Li, Lu1, Aitken, Dr Alan1, Lindsay, Dr Mark1, Jessell, Dr Mark1
1The School of Earth Sciences, The University Of Western Australia, Perth WA, Australia
Antarctica preserves the largest ice sheet in the world, which has a potential contribution to future sea-level rise up to 60m. Understanding subglacial sedimentary basin distribution is essential for studying ice sheet behaviour, as it forms an important basal boundary condition for ice sheet dynamics. It also records the geological history for tectonic evolution and past ice sheet behaviour. However, the subglacial sedimentary basin distribution is poorly known in Antarctica. A map of sedimentary basin distribution is a prerequisite to improving understanding of current and past ice sheet behaviour, aiding to project future ice sheet change and sea-level rise.
In this study, we present a sedimentary basin distribution likelihood map for Antarctica using the supervised machine learning method Random Forest. We apply this to generate a model based on the current understanding of Antarctica bedrock type distribution. We label the sedimentary basin and crystalline basement distribution driven from sparse rock outcrops, seismic imaging, and potential field data interpretation. Evidence layers are chosen from the available continental-scale geophysical datasets. By applying variable importance selection, we remove the unimportant and highly correlated evidence layers. After that, a strata sample process ensured a balanced class of each bedrock type during the training process. A sedimentary basin distribution map is then spatially predicted. The model accuracy is evaluated based on block cross-validation to overcome the underestimate of prediction error in the spatial correlated geophysical data.

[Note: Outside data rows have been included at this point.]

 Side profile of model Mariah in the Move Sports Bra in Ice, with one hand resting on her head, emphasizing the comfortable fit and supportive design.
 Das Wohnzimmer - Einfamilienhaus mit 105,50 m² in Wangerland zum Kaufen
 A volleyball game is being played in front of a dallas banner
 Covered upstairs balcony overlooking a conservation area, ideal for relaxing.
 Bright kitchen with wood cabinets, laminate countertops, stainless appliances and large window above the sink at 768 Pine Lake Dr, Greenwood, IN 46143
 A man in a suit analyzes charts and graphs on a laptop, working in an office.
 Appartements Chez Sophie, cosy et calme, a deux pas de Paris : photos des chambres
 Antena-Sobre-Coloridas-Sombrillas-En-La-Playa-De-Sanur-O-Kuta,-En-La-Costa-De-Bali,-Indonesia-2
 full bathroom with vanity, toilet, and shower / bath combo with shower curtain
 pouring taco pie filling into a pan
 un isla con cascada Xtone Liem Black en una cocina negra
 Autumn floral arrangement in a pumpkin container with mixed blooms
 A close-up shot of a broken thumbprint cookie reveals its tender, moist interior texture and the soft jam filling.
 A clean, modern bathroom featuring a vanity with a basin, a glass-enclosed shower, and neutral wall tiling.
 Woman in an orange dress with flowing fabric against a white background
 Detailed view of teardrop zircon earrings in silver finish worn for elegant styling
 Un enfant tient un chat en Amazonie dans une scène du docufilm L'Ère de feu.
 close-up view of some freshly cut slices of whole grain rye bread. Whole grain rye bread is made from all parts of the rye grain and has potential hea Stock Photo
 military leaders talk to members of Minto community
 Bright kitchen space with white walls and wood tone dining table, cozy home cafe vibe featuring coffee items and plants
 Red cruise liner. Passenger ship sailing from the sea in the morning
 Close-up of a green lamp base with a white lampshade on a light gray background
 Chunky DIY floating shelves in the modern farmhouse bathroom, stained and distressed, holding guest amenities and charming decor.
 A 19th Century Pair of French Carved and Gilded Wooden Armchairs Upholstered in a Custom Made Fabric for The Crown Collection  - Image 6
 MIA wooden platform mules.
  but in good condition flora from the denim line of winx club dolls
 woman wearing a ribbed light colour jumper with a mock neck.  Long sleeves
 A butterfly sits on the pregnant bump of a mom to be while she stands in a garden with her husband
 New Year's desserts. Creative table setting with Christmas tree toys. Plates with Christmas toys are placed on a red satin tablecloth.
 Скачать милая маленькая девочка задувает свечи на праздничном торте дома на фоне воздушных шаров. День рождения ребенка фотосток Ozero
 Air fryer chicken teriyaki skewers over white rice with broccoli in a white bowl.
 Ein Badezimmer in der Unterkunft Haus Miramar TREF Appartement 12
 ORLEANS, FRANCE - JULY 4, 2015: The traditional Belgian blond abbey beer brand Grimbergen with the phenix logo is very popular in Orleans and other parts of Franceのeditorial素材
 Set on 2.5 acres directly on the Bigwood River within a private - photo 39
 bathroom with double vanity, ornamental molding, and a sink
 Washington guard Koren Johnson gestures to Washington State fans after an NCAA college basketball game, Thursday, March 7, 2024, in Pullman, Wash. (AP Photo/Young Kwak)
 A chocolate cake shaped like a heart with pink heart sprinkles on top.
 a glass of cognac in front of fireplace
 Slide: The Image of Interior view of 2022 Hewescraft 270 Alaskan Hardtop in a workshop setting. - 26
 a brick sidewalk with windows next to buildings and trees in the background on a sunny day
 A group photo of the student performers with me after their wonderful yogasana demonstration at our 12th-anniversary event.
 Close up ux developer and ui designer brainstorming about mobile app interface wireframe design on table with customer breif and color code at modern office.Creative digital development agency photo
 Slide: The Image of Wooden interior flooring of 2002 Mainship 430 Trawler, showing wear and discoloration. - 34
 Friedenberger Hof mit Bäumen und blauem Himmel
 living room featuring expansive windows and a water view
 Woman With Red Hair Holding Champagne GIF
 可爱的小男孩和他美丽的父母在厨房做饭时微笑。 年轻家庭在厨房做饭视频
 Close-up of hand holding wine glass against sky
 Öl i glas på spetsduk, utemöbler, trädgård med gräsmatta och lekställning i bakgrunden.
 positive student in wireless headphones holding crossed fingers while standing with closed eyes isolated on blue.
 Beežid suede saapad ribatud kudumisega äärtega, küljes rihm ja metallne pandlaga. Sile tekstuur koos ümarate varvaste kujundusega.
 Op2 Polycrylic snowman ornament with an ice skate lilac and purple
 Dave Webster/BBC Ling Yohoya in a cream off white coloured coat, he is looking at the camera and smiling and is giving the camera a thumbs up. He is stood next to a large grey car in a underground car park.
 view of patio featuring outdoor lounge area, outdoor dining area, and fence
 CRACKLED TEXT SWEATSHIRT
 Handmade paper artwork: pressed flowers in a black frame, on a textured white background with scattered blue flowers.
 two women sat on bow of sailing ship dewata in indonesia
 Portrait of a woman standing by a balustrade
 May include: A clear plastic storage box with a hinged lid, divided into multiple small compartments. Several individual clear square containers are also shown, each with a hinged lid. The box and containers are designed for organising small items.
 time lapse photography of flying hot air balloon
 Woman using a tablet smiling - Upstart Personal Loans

Our results confirm the existence of previously documented subglacial sedimentary basins in Antarctica, and in general define the margins and extents of sedimentary basins in more detail. Specifically, in West Antarctica Rift System, the model delimits boundaries between sedimentary basins and volcanic rocks. We find a potential sedimentary basin preserved in Byrd Subglacial Basin, which is highly likely contributing to the currently fast flow in Thwaites Glacier. Further, our model shows more widely distributed subglacial sedimentary basins in East Antarctica than been previously recognized. Properties of geophysical and remote sensing data in Recovery Glaciers suggest a high probability of sedimentary basin preservation.
Lu Li is a PhD student at The University Of Western Australia to study geophysics. His PhD project is using geophysics to understanding lithosphere structure of Antarctica, and its influence on cryosphere/solid-earth interaction.